Here is Roxie's don't mess with me look. 
Her baby girl was just born on the 20th she takes this mom business serious. lol


----------



## Engebretsen

nameless_alice said:


> These pics have me giggling like crazy!
> Such adorable and silly goats. ^-^
> 
> Here is Roxie's don't mess with me look.
> Her baby girl was just born on the 20th she takes this mom business serious. lol


Cute!


----------



## mjgh06

Alice they are adorable! I love your babies.


----------



## Texas.girl

I love all the pics---so cute. I also love Nameless___Alice signature.


----------



## tasha642

I was trying to get an udder pic on the black goat and she moved, but Blondie in the back was looking at me like I was crazy!


----------



## nameless_alice

@Engebretsen and mjgh06 thanks so much, glad you like them. ^-^

@Texas.girl thanks, everytime my DH sees it he says "true story!" XD

@tasha642 haha she is like "what ya doin?"

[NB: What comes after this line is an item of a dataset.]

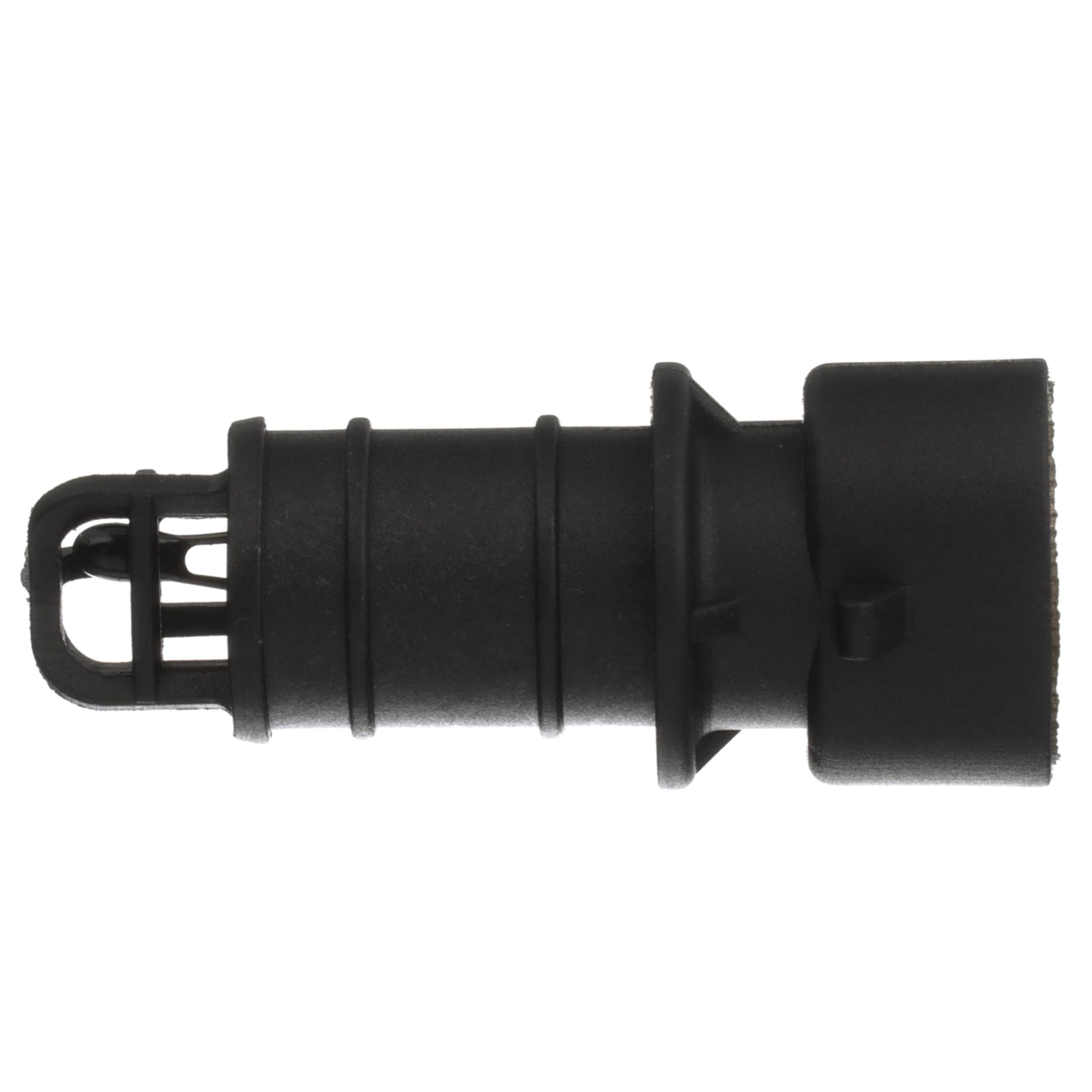 Delphi Air Charge Temperature Sensor TS10072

@MicFen What type of goat is that little one? I just bought a little guy that looks almost just like that one blue eyes and all, no cute freckles on his nose like yours though.


----------



## Trickyroo

Tasha642 that is so funny , lolol
Great picture !


----------



## ThreeHavens

Patti loves the camera.


----------



## Trickyroo

Hi Patti. :wave::wave:


----------